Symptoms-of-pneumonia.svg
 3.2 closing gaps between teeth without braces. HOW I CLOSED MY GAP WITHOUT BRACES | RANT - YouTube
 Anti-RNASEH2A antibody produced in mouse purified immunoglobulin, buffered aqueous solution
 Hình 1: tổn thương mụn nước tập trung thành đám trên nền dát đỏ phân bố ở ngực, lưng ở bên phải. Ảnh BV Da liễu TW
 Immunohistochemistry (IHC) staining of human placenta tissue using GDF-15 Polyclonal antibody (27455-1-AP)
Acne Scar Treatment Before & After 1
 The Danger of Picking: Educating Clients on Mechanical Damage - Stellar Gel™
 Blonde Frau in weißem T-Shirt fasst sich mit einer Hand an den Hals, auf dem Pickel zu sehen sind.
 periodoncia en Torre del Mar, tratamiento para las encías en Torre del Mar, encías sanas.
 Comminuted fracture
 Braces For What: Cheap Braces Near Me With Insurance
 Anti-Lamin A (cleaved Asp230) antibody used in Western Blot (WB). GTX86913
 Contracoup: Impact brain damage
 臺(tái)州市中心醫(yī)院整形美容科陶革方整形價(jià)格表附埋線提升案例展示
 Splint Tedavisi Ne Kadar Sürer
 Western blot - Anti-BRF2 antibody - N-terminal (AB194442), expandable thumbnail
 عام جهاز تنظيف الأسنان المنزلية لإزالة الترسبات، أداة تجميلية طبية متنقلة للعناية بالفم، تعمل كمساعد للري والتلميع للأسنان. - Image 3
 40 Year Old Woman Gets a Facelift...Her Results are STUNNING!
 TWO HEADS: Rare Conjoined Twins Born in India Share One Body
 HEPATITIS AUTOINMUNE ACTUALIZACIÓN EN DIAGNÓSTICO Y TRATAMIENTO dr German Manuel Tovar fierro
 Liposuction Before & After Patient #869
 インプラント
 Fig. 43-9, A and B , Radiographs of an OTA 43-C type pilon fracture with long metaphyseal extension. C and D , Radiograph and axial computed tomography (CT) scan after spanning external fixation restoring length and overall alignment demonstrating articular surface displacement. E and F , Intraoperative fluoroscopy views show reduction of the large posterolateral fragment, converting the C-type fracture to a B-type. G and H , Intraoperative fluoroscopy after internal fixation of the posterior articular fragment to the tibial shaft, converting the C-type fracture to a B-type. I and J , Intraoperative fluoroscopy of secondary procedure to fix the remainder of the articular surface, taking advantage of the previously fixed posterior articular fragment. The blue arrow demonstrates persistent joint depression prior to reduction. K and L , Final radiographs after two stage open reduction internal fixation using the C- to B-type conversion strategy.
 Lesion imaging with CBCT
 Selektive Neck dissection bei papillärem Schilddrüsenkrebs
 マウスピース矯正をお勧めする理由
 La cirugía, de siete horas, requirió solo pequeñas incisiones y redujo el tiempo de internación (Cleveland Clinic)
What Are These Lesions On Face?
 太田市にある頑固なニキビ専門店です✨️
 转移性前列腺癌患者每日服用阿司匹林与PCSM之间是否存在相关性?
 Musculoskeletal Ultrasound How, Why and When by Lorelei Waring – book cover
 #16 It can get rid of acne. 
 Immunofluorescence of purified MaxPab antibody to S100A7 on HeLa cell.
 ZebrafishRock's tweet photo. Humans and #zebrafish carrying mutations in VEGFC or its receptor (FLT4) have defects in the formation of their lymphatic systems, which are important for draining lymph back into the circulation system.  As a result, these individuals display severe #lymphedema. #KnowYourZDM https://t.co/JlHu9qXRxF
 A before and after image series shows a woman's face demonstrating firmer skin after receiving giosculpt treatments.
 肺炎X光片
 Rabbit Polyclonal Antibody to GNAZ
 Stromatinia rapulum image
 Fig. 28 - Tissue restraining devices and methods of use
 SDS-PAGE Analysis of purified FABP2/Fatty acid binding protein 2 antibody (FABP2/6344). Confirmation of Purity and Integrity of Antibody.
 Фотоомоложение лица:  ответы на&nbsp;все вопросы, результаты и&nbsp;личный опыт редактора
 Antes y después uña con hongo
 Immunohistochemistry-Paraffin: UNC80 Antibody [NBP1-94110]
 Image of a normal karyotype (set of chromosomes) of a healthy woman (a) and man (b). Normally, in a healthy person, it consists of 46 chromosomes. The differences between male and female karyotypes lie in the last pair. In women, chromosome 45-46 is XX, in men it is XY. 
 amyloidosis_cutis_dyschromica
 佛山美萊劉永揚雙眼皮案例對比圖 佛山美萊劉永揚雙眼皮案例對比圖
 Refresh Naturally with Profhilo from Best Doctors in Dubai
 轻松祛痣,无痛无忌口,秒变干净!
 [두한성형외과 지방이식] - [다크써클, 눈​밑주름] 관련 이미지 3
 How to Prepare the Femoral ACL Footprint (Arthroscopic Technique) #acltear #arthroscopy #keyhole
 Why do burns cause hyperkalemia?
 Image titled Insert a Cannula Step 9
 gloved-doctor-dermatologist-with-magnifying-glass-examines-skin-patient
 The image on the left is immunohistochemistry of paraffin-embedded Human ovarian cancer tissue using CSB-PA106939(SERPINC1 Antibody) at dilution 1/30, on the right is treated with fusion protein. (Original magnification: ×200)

○ ○ ○ ○ ○ ○ ○

● **What needs to be done**
Copy out the whole listing, word for word.

● **Solution to this task**
Symptoms-of-pneumonia.svg
 3.2 closing gaps between teeth without braces. HOW I CLOSED MY GAP WITHOUT BRACES | RANT - YouTube
 Anti-RNASEH2A antibody produced in mouse purified immunoglobulin, buffered aqueous solution
 Hình 1: tổn thương mụn nước tập trung thành đám trên nền dát đỏ phân bố ở ngực, lưng ở bên phải. Ảnh BV Da liễu TW
 Immunohistochemistry (IHC) staining of human placenta tissue using GDF-15 Polyclonal antibody (27455-1-AP)
Acne Scar Treatment Before & After 1
 The Danger of Picking: Educating Clients on Mechanical Damage - Stellar Gel™
 Blonde Frau in weißem T-Shirt fasst sich mit einer Hand an den Hals, auf dem Pickel zu sehen sind.
 periodoncia en Torre del Mar, tratamiento para las encías en Torre del Mar, encías sanas.
 Comminuted fracture
 Braces For What: Cheap Braces Near Me With Insurance
 Anti-Lamin A (cleaved Asp230) antibody used in Western Blot (WB). GTX86913
 Contracoup: Impact brain damage
 臺(tái)州市中心醫(yī)院整形美容科陶革方整形價(jià)格表附埋線提升案例展示
 Splint Tedavisi Ne Kadar Sürer
 Western blot - Anti-BRF2 antibody - N-terminal (AB194442), expandable thumbnail
 عام جهاز تنظيف الأسنان المنزلية لإزالة الترسبات، أداة تجميلية طبية متنقلة للعناية بالفم، تعمل كمساعد للري والتلميع للأسنان. - Image 3
 40 Year Old Woman Gets a Facelift...Her Results are STUNNING!
 TWO HEADS: Rare Conjoined Twins Born in India Share One Body
 HEPATITIS AUTOINMUNE ACTUALIZACIÓN EN DIAGNÓSTICO Y TRATAMIENTO dr German Manuel Tovar fierro
 Liposuction Before & After Patient #869
 インプラント
 Fig. 43-9, A and B , Radiographs of an OTA 43-C type pilon fracture with long metaphyseal extension. C and D , Radiograph and axial computed tomography (CT) scan after spanning external fixation restoring length and overall alignment demonstrating articular surface displacement. E and F , Intraoperative fluoroscopy views show reduction of the large posterolateral fragment, converting the C-type fracture to a B-type. G and H , Intraoperative fluoroscopy after internal fixation of the posterior articular fragment to the tibial shaft, converting the C-type fracture to a B-type. I and J , Intraoperative fluoroscopy of secondary procedure to fix the remainder of the articular surface, taking advantage of the previously fixed posterior articular fragment. The blue arrow demonstrates persistent joint depression prior to reduction. K and L , Final radiographs after two stage open reduction internal fixation using the C- to B-type conversion strategy.
 Lesion imaging with CBCT
 Selektive Neck dissection bei papillärem Schilddrüsenkrebs
 マウスピース矯正をお勧めする理由
 La cirugía, de siete horas, requirió solo pequeñas incisiones y redujo el tiempo de internación (Cleveland Clinic)
What Are These Lesions On Face?
 太田市にある頑固なニキビ専門店です✨️
 转移性前列腺癌患者每日服用阿司匹林与PCSM之间是否存在相关性?
 Musculoskeletal Ultrasound How, Why and When by Lorelei Waring – book cover
 #16 It can get rid of acne. 
 Immunofluorescence of purified MaxPab antibody to S100A7 on HeLa cell.
 ZebrafishRock's tweet photo. Humans and #zebrafish carrying mutations in VEGFC or its receptor (FLT4) have defects in the formation of their lymphatic systems, which are important for draining lymph back into the circulation system.  As a result, these individuals display severe #lymphedema. #KnowYourZDM https://t.co/JlHu9qXRxF
 A before and after image series shows a woman's face demonstrating firmer skin after receiving giosculpt treatments.
 肺炎X光片
 Rabbit Polyclonal Antibody to GNAZ
 Stromatinia rapulum image
 Fig. 28 - Tissue restraining devices and methods of use
 SDS-PAGE Analysis of purified FABP2/Fatty acid binding protein 2 antibody (FABP2/6344). Confirmation of Purity and Integrity of Antibody.
 Фотоомоложение лица:  ответы на&nbsp;все вопросы, результаты и&nbsp;личный опыт редактора
 Antes y después uña con hongo
 Immunohistochemistry-Paraffin: UNC80 Antibody [NBP1-94110]
 Image of a normal karyotype (set of chromosomes) of a healthy woman (a) and man (b). Normally, in a healthy person, it consists of 46 chromosomes. The differences between male and female karyotypes lie in the last pair. In women, chromosome 45-46 is XX, in men it is XY. 
 amyloidosis_cutis_dyschromica
 佛山美萊劉永揚雙眼皮案例對比圖 佛山美萊劉永揚雙眼皮案例對比圖
 Refresh Naturally with Profhilo from Best Doctors in Dubai
 轻松祛痣,无痛无忌口,秒变干净!
 [두한성형외과 지방이식] - [다크써클, 눈​밑주름] 관련 이미지 3
 How to Prepare the Femoral ACL Footprint (Arthroscopic Technique) #acltear #arthroscopy #keyhole
 Why do burns cause hyperkalemia?
 Image titled Insert a Cannula Step 9
 gloved-doctor-dermatologist-with-magnifying-glass-examines-skin-patient
 The image on the left is immunohistochemistry of paraffin-embedded Human ovarian cancer tissue using CSB-PA106939(SERPINC1 Antibody) at dilution 1/30, on the right is treated with fusion protein. (Original magnification: ×200)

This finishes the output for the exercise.